Hey there friends,
I come to you today with a confession: Perhaps for the first time in the history of this writing-about-films endeavor, I watched no movies in this entire month.
This is not for lack of interest. There are definitely movies I want(ed) to see this month--past tense in at least one case because I unfortunately missed my chance to see one in theaters. For the others, I'm hoping to take advantage of this long weekend to ensure I don't lose out on seeing at least one of them on the big screen (especially since this is my second chance to see one of them after it was featured in a certain film fest I am very fond of).

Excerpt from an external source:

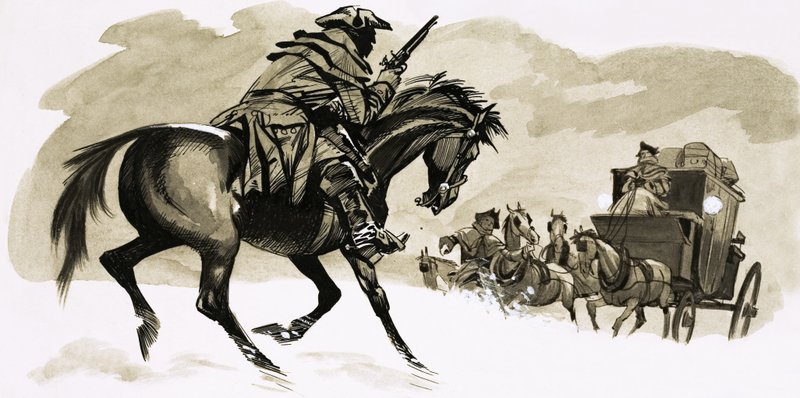 HIghwayman megtámadni készül egy kocsit alkotó: English School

It's also not for lack of trying. I started "What Men Want" (2019) last night, but commenced watching it too late in the evening and fell short of finishing it. It's also a bit long for a romantic comedy, if you ask me (almost two hours long), so that wasn't helping things. I only have a half hour left to go and will likely finish it eventually, but likely not in time for it to technically be watched in its entirety by the end of this month.
Alternatively, it's not entirely for lack of opportunity. Family visited for the weekend earlier this month, and last weekend Husband and I traveled to see family and friends in our beloved old home city. (I still miss it so much, although now living in our new and also-beloved home city significantly eases the ache of leaving it again.) That left some other weekends during which movie viewing could theoretically have happened.

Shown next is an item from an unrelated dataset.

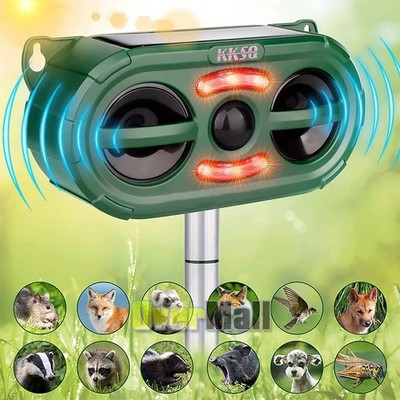 Newest Animal Repeller Ultrasonic Solar Power Outdoor Pest Cat Mice Deer Sensor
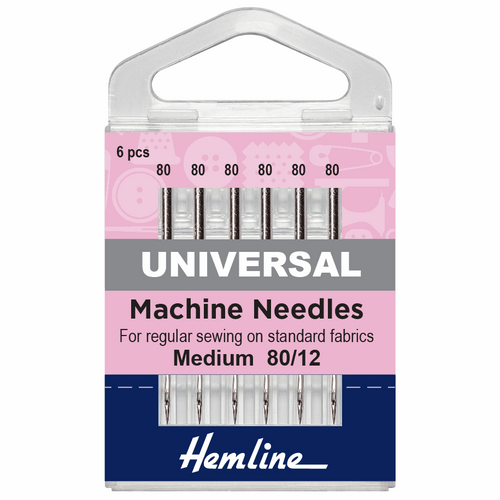 Hemline Sewing Machine Needles: Universal: Medium 80/12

At its simplest, this shortfall is due to other emotional and practical demands on my time and energy.
Given the nature of this blog, it is of course absurd and redundant to attest that I love movies. I love them so very much. I love the places I get to see movies in our new home. And yet, there were kind of an inordinate number of demands on my overall life force this month. Many of those demands were extremely positive, yet nevertheless a lot of work. Unfortunately, that meant that when there were technically opportunities to go see films, or even to watch something at home, I felt depleted and therefore drawn to entertainment that was less demanding from an emotional, attentional, and time-commitment perspective. While they may be relatively minor, it is a commitment of time, attention span, and emotional vulnerability to watch new movies. I really hate to acknowledge it, but sometimes, when I'm feeling particularly drained, watching a film might not be the most skillful approach to self-care for me.
So instead, this month has been a month of reruns. Husband and I have been primarily watching "Parks and Recreation", which has been a welcome and soothing choice (especially because you know how much I love Aubrey Plaza). It's been exactly what I needed: to feel pleasantly and comfortingly diverted by a familiar, well-made, and much-appreciated show.
I'm hoping--perhaps not altogether unrealistically--that many of the more intense demands of August will subside at least a bit in September. I therefore hope to resume movie-watching where I left off in July. Happily, I've watched so many movies already in 2019 that even taking an entire month off won't meaningfully disrupt my progress toward my annual movie-watching goal.
Looking forward to sharing those with you soon.